As you speak, your arms and hands then become like branches in a tree.  They are still when there’s no breeze and move gently when the currents of the air (or the subject matter) move them.

More on Obama’s presence

January 26, 2009

Here’s one final thought on Obama’s presence during his inauguration speech.

Think about how you felt while  listening to his speech.  Then read the text of his speech. Do you get the same feeling?

If we go through the various ways we could have taken in his speech, we’d get varying degrees of his presence:

  • Reading the text would capture his ideas.
  • Listening to the speech on the radio, we would get a much greater sense of Obama himself, his rhythm and pacing as he delivered  his words, and a feeling for what he felt was  important through his tone of voice.
  • Watching him speak on TV, we would not only get his ideas and the emphasis he places on different aspects of his talk, but we would also see his stature, his body language, the calm and reassuring demeanor.
  • Sitting in the front row as he delivers the talk would give us the full impact of his talk and his presence which gets conveyed  through a felt sense of the human to human connection with Obama as a person.

And while I’ve heard  people say that there’s nothing exceptional in the words of the text no quotable punch lines I walked away from the speech (having watched it on TV) feeling that this was an important speech. I felt reassured, inspired, and full of a calm certainty that we are in the right hands at this moment in history.

And, I got this far more from Obama’s presence than his words.  I only wish I could have been there in person.

I’d be interested to hear from those of you who were there and able to watch him in person.

Inauguration Presence

January 21, 2009

The epitome of true leadership presence!

Presence is about so much more than the words that we speak.  Yesterday we had several exquisite examples of real presence. Barak Obama and Elizabeth Alexander were the most compelling for me.

Barack Obama: Most people pay attention to his words because they are so riveting. I’m curious about how he conveys his presence. Check out the video on YouTube (for some reason I couldn’t copy it to this site).  He begins to speak at 2:40 min.  Notice how comfortable he is in his own skin, how he carries himself.  Notice the silences, the pauses between important points.  Notice how deliberate he is as he articulates his words.  What else do you see that’s beyond the words themselves that conveys that this man is a great leader?
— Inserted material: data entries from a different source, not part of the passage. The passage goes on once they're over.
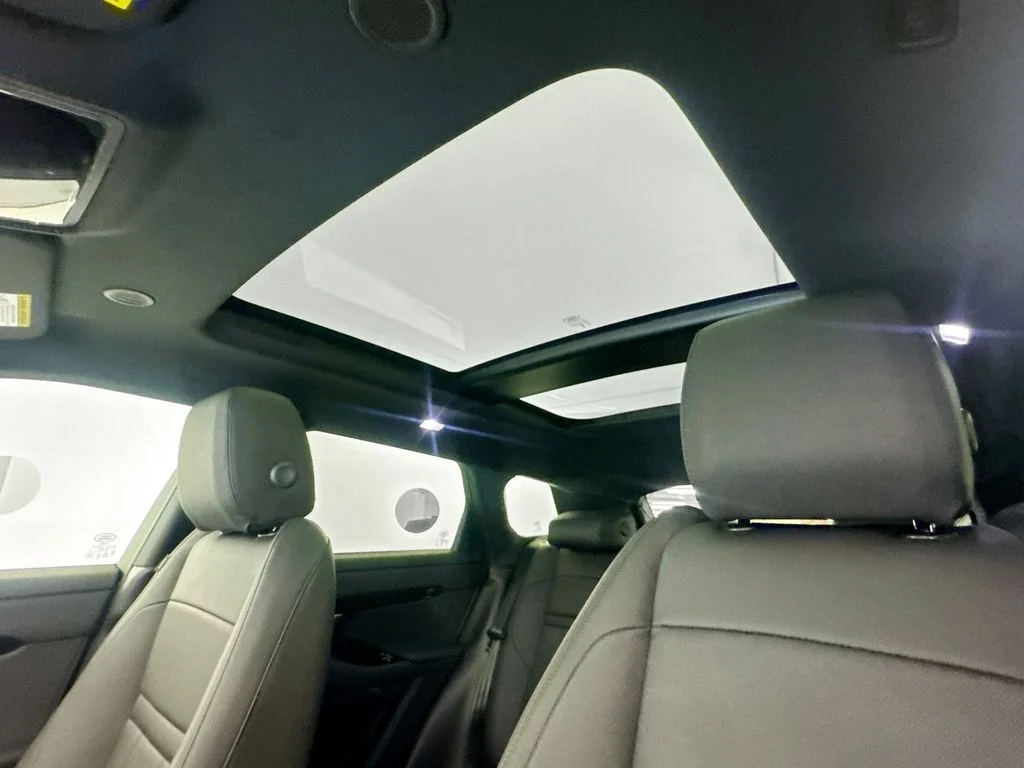 New 2026 Santorini Black Land Rover Core S image 21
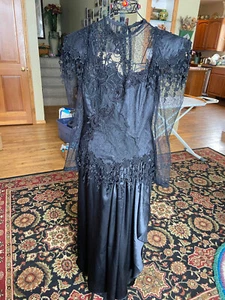 Gothic Long Renaissance Steampunk Satin Lace Dress sz.8-10 Prom bead embroidery - Picture 1 of 9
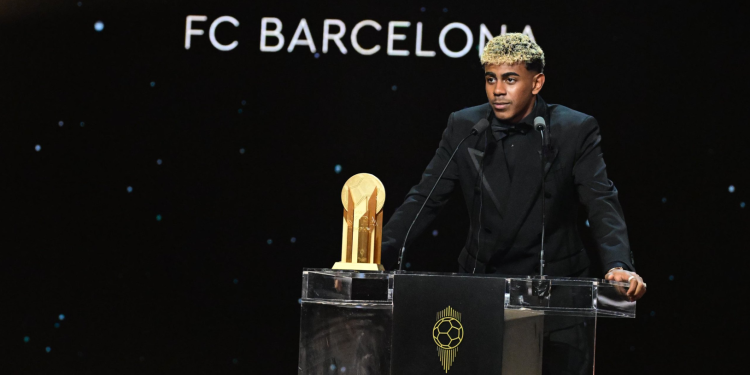 Lamine Yamal gana el premio Kopa 2025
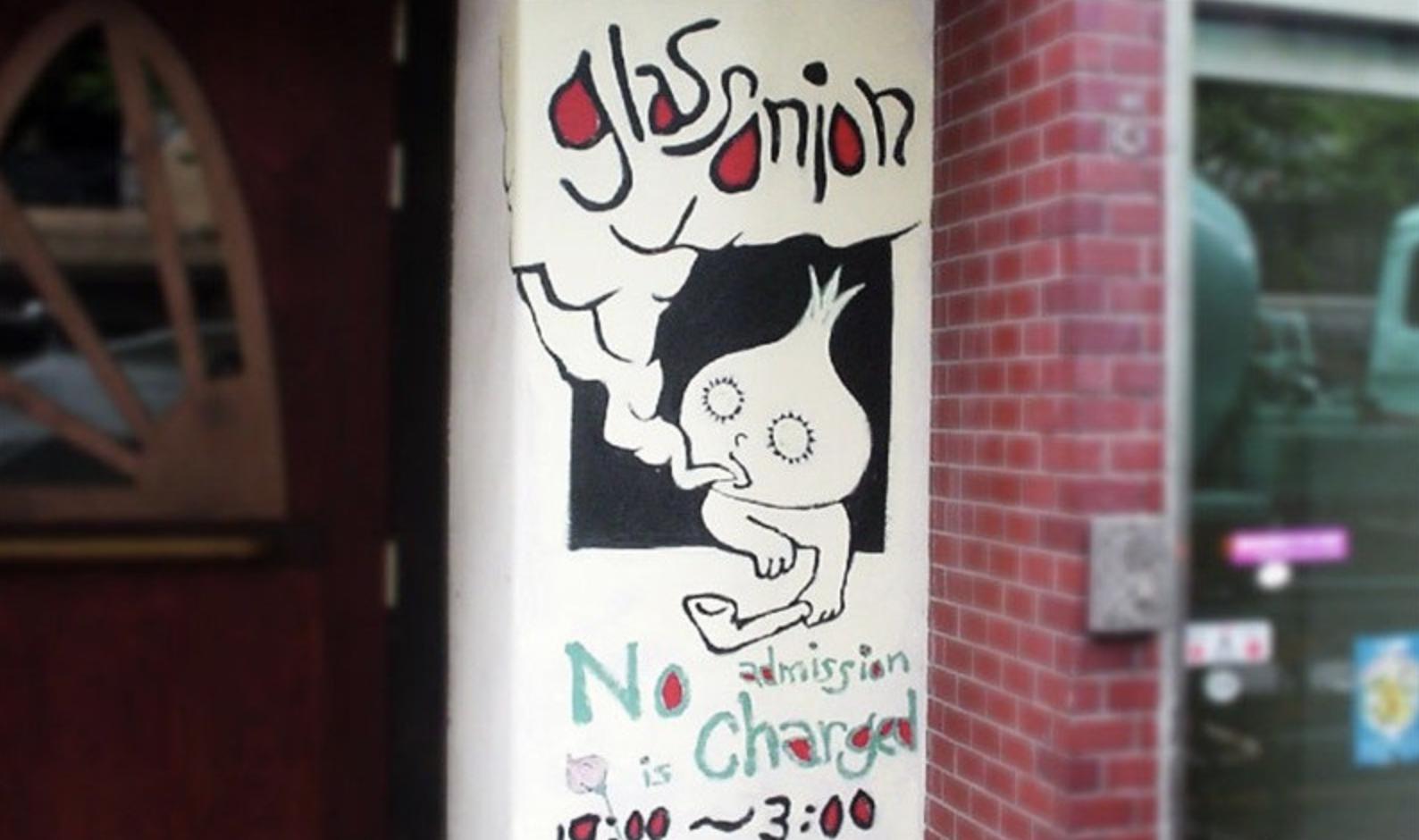 走在日本东京街头,走在日本的小巷里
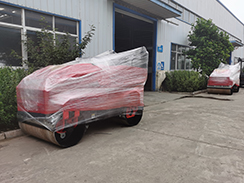 7月2日，福瑞得機械2臺全液壓座駕雙鋼輪壓路機打包發(fā)往吉林。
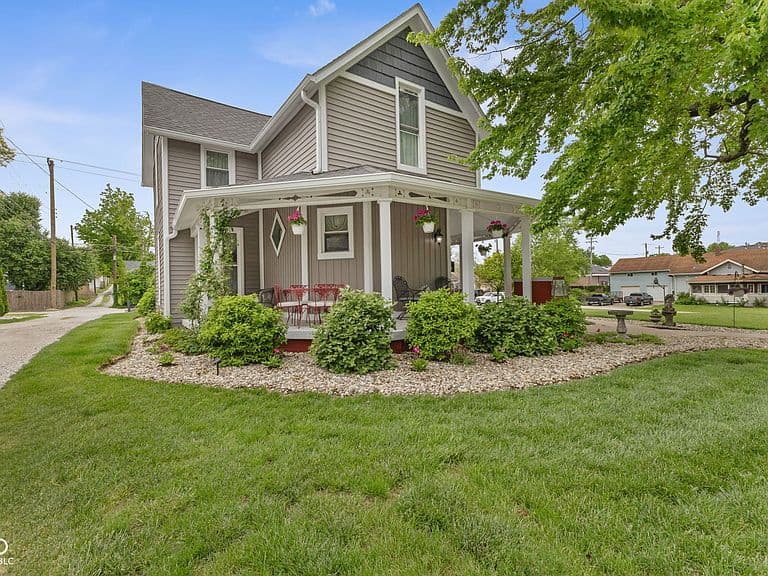 Listing photo 4
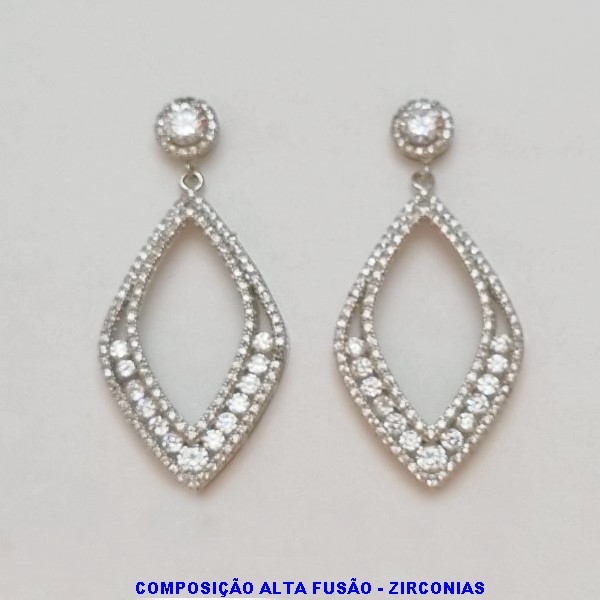 BRINCO NO BRUTO PRONTO PARA O BANHO(ALTO LUXO) CRAVEJADO COM ZIRCÔNIAS - PESO TOTAL 13,5GR - TAMANHO DA BASE  57MM  - BRU100332A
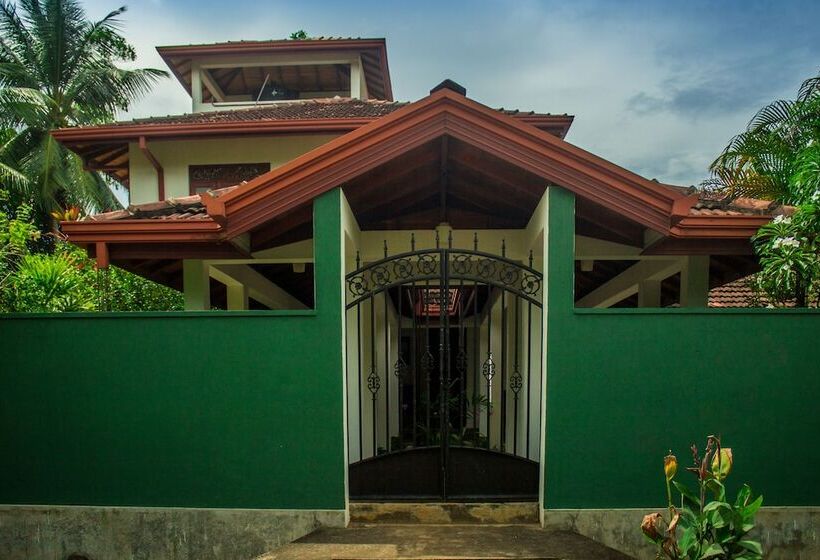 فندق Sakura Villa Bentota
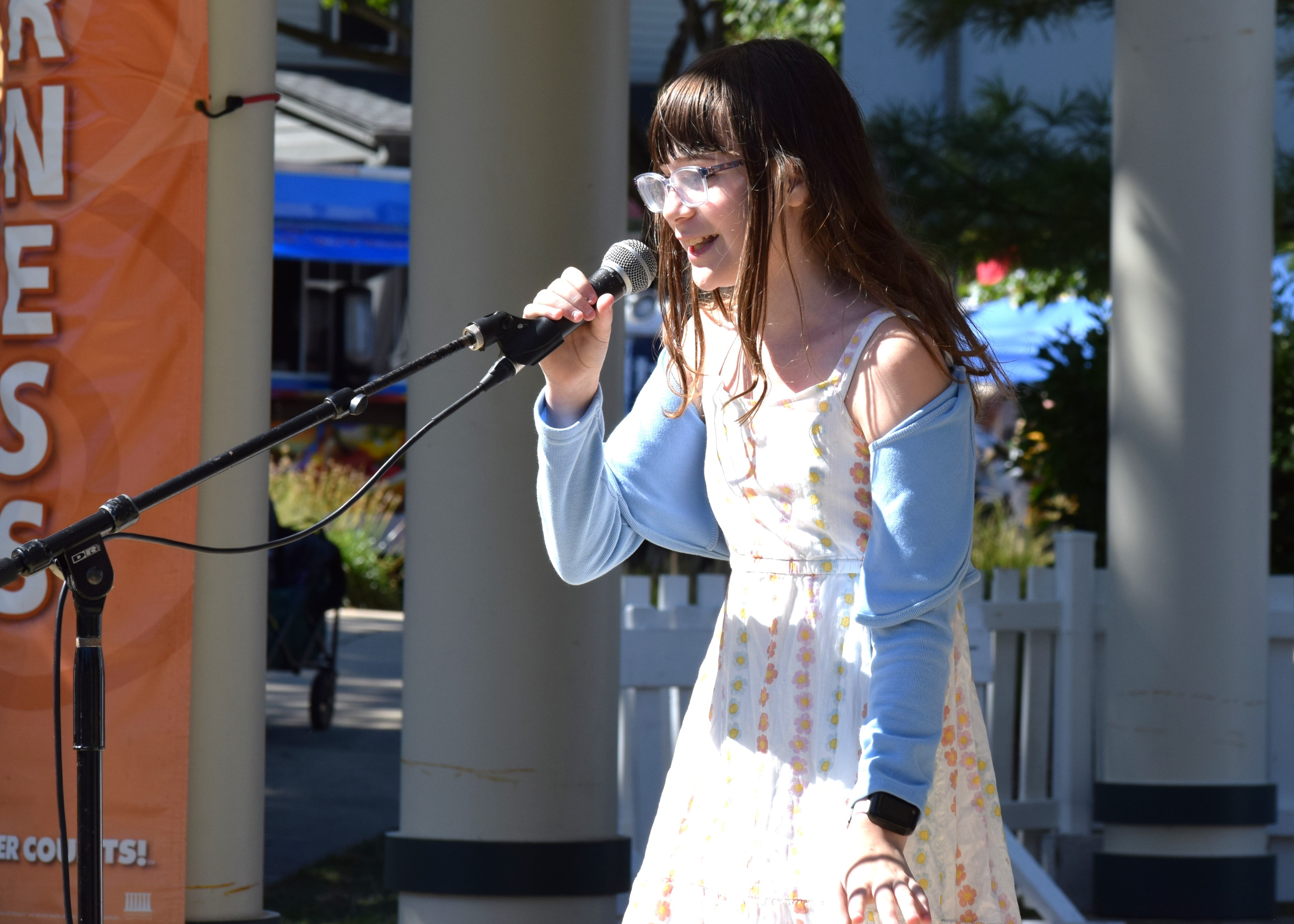 Chloe singing at Septemberfest 2024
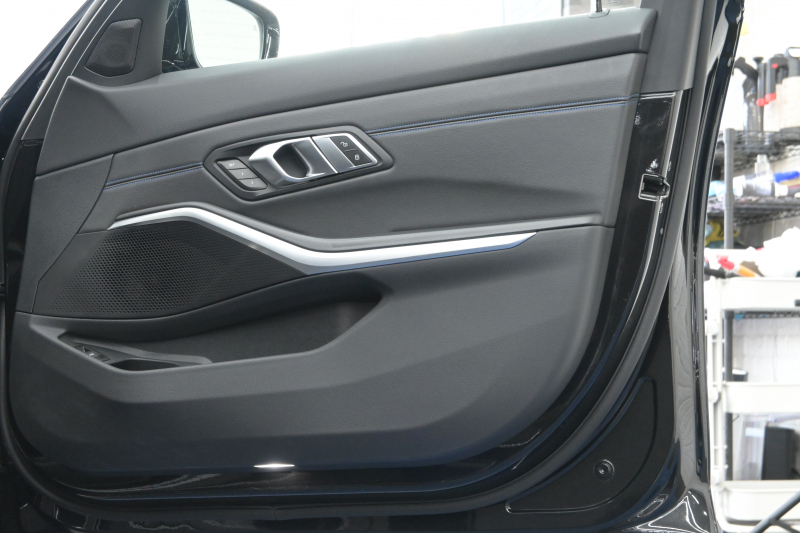 BMW 3シリーズ 320i Mｽﾎﾟｰﾂ ｺﾝﾌｫｰﾄP　ACC ﾌﾞﾗｯｸﾊｰﾌﾚｻﾞｰ 純正HDDﾅﾋﾞ Carplay Bｶﾒﾗ Mｴｱﾛ&19ｲﾝﾁAW 自動ﾄﾗﾝｸ ﾜｲﾔﾚｽﾁｬｰｼﾞ　2年保証付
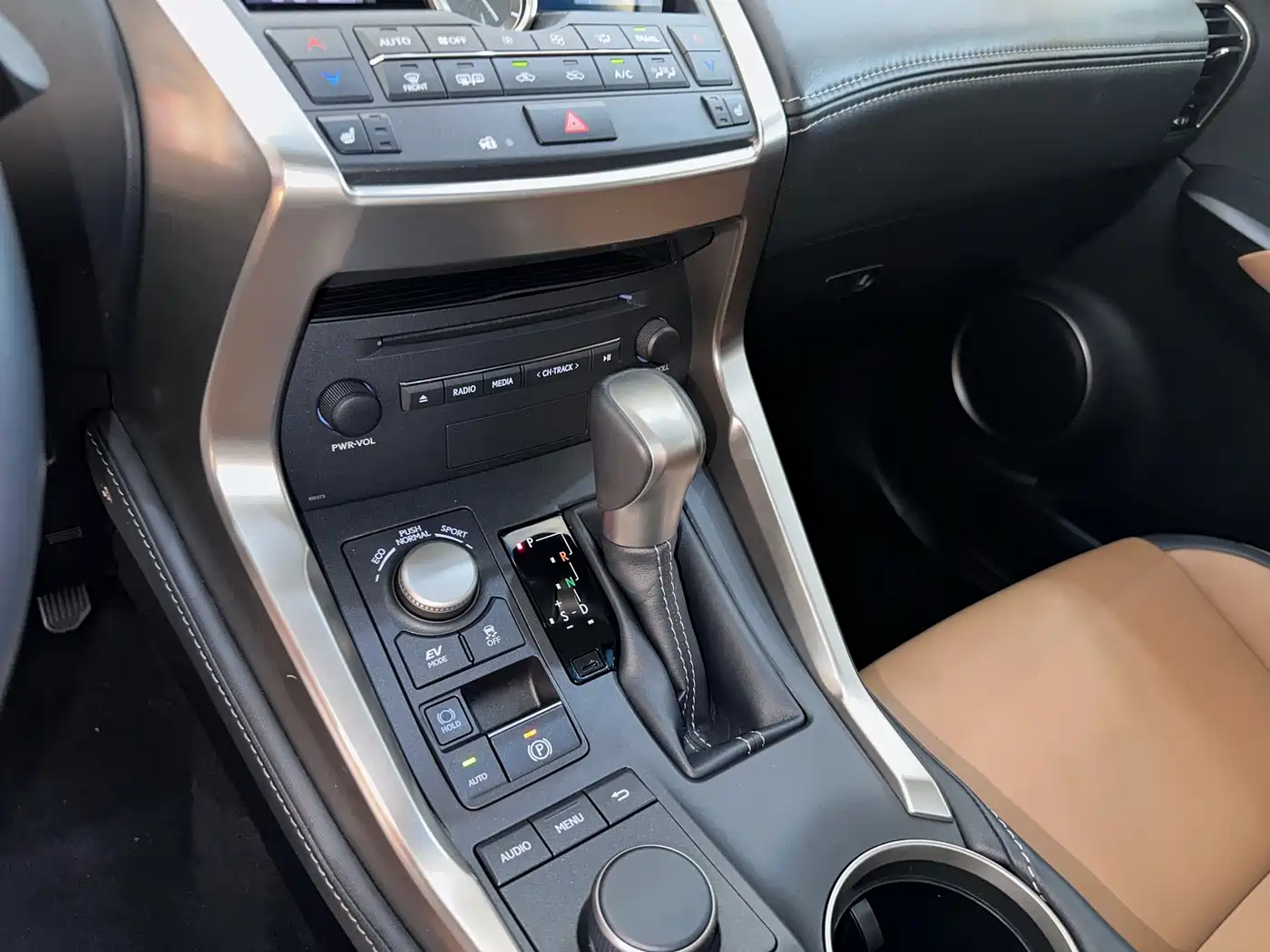 Lexus NX 2015 300h AWD F SPORT фото 11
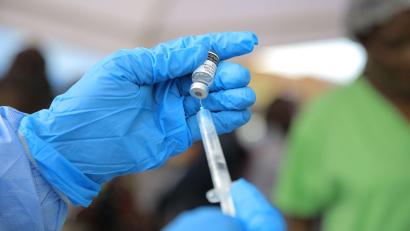 Bild: Sebastien Kitsa Musayi/AP/dpa
Der aktuelle Ebola-Ausbruch hatte Mitte Mai in der Demokratischen Republik Kongo begonnen.
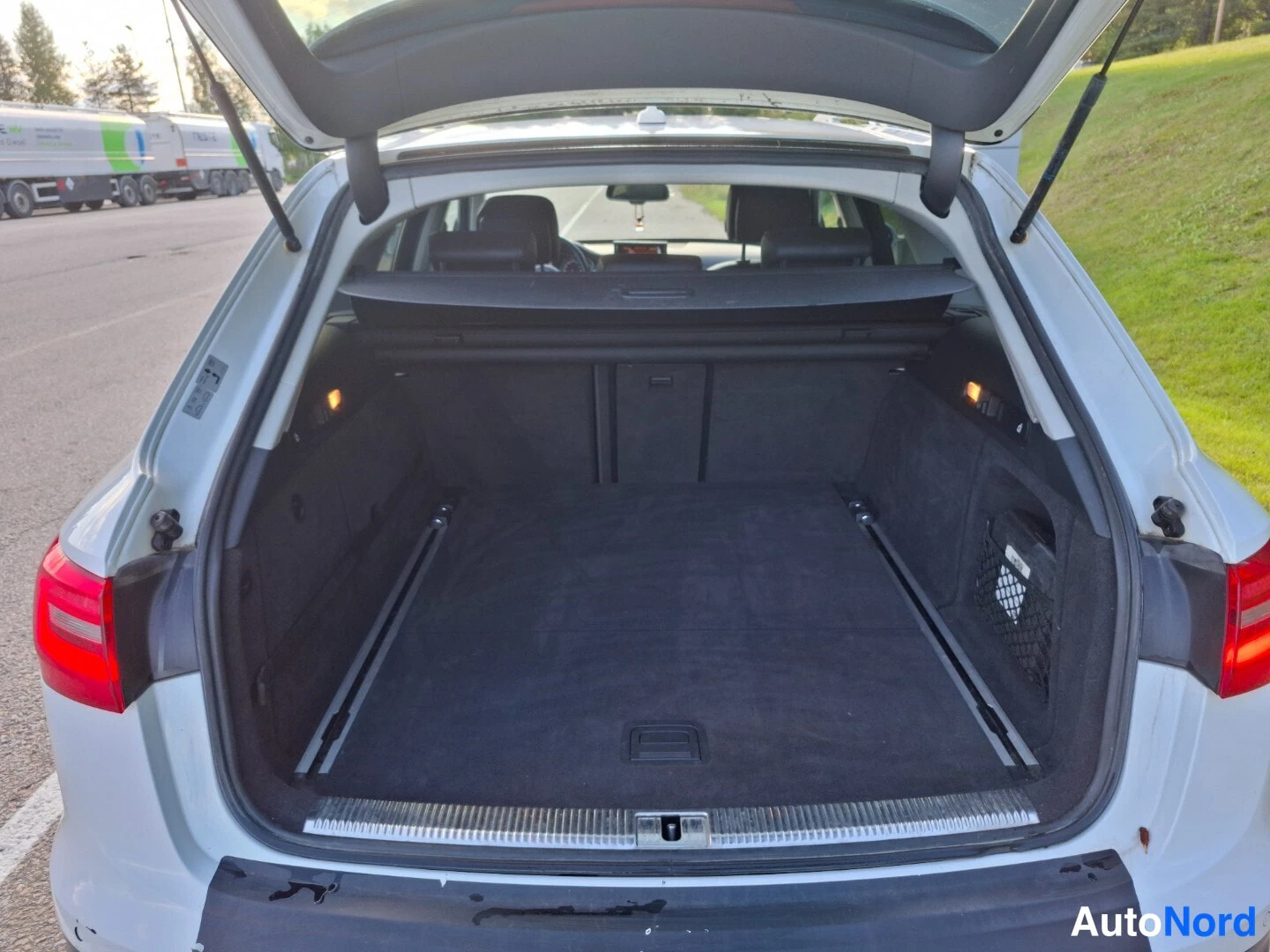 Valkoinen Audi A6 Allroad 2014, tavaratila, kuva 15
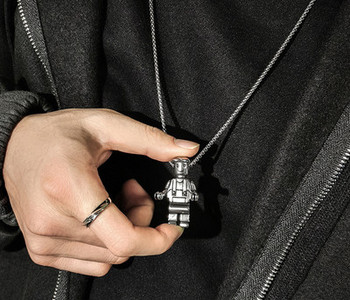 Moderna vīriešu kaklarota no titāna tērauda ar robota kulonu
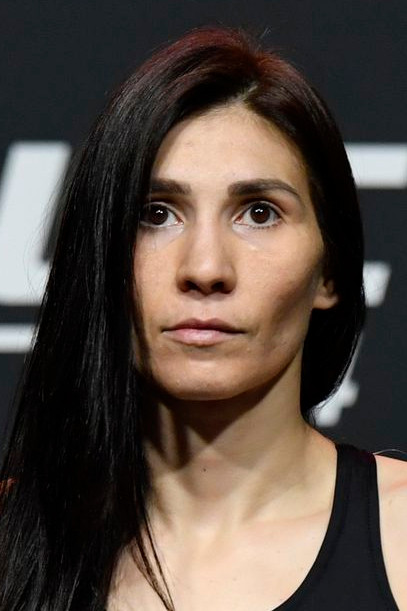 Irene Aldana backdrop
Elizabeth Alexander: Inauguration Poet (video below)
Watch how she let’s herself fully arrive in front of the audience before she begins.  She takes a breath.  She looks out at the audience.   And, then she begins to speak.  She too, in a different way, speaks with such deliberate phrasing.  I know she is reciting poetry, but I think that there’s something we can learn about leadership presence from how she delivered those words.